Учитель французского языка был жалкий калека, хромой и сухорукий. Правая сторона его тела была разбита параличом, так что ему стоило, как видно, слишком больших усилий таскать за собою постоянно отстававшую ногу. Личные нервы тоже были сильно расстроены, что замечалось из опустившихся углов рта, широко открытых и редко моргавших глаз и постоянной неподвижности личных мускулов. То же, разумеется, постигло и умственные способности бедняка, расстройство которых он энергически поддерживал употреблением спиртных напитков. Бродя по классу, он беспрестанно бормотал что-то, изредка давая левой рукой щелчки сидевшим на первом месте ученикам, которые марали мелом его фрак. Иногда он останавливался, бил ладонью левой руки о неподвижно висевшую правую и резко кричал: «Silence! laisez-vous!»[7]. На минуту наступала тишина, но потом возобновлялся прежний шум.
О каждом учителе в гимназии непременно ходили различные легендарные сказания, которые, переходя от поколения к поколению, крепко сохранялись в ученической памяти.

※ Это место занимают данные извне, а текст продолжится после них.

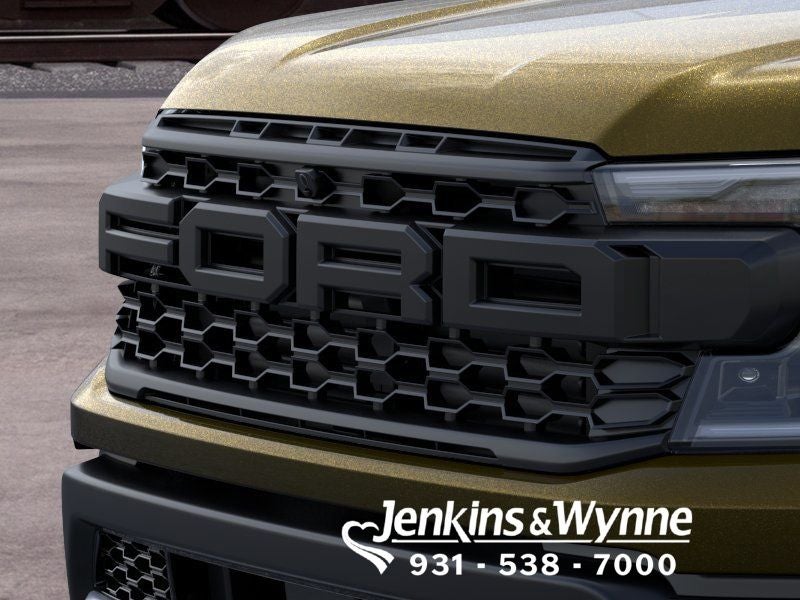 2026 Ford Ranger Raptor IN-TRANSIT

О несчастном французе, например, рассказывали, что он когда-то был идеалом своих учеников, что, занявши место учителя, он понял необходимость знания русского языка, о котором учитель не имел ни малейшего понятия, что своими рассказами на ломаном русском наречии о красотах швейцарской природы он приводил своих слушателей в неподдельный восторг и т. д. Легенда во всем обвиняла среду, в которую попал бедный иностранец: что он, как и все ее члены, не мог устоять против известной русской пословицы: с волками жить — по-волчьи выть, служившей девизом среды, и он мало-помалу начал втягиваться в пошлую, грязную жизнь кружка, а тут подвернулся паралич… и из идеала вышла грязнейшая действительность, приправленная физическим и нравственным калечеством.

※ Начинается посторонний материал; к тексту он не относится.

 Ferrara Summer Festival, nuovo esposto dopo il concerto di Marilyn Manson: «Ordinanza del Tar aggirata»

После французского урока следовало черчение, и учитель чистописания, черчения и рисования вместе, какой-то вольный, следовательно не нуждавшийся в образовании художник, вбивал линейкой из красного дерева общие понятия об архитектуре вообще и о капителях, базисах, колоннах, карнизах и фризах в особенности. Директор недаром предупреждал меня, что он строг: действительно, удары сыпались то и дело без всякого разбора по рукам, спине, плечам, голове и проч. Передо мной он положил какой-то базис, с которого я должен был копировать. Я действительно скопировал, но такую штуку, пред которою побледнели все подобные произведения моих товарищей: вместо базиса я изобразил корову, для красоты прибавив внизу масштаб, которым можно было бы измерить ее.
После черчения классы окончились. Вместе с братом я пошел домой пешком. Дорогой я перечитал несколько раз расписание классов, по которому оказывалось, что предметов у нас восемь и между ними я знал только четыре: закон божий, арифметику, грамматику и чистописание, к которому примыкали уже несколько мне известное черчение и совершенно неизвестное рисование, составляя вместе предмет свободных художеств; об остальных я не имел ровно никакого понятия.

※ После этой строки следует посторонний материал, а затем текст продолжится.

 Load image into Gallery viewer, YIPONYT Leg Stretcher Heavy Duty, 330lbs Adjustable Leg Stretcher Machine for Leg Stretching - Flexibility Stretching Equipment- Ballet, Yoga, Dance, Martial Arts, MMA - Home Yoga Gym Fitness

В следующие дни я аккуратно посещал классы и в неделю совершенно ознакомился с гимназией.
Из учителей мне особенно нравились учителя закона божия и географии. Священник, учитель закона божия, был кроткий, добродушный и весьма серьезный человек; он не употреблял никаких наказаний для ленивых и шалунов, но всегда старался действовать на них добрым и ласковым словом. И действительно, эта мера была самая лучшая: учились все у него превосходно, а вели себя совершенно безукоризненно. Учитель географии, напротив, не обращал ровно никакого внимания на знания и поведение своих учеников: он видел, что в нем слишком мало сил и уменья к тому, чтобы переделывать таких испорченных детей, хотя, нужно заметить, порча в нас была только кажущаяся ему и его товарищам, в действительности же все безобразия со стороны учеников были вызваны поступками их наставников, и истинно образованный человек никогда бы не стал в тупик перед подобными препятствиями, видя, что исправление их находится в его воле. Но мы искренне любили учителя уже за одно то, что он избавлял нас от всевозможных наказаний, отеческих и официальных.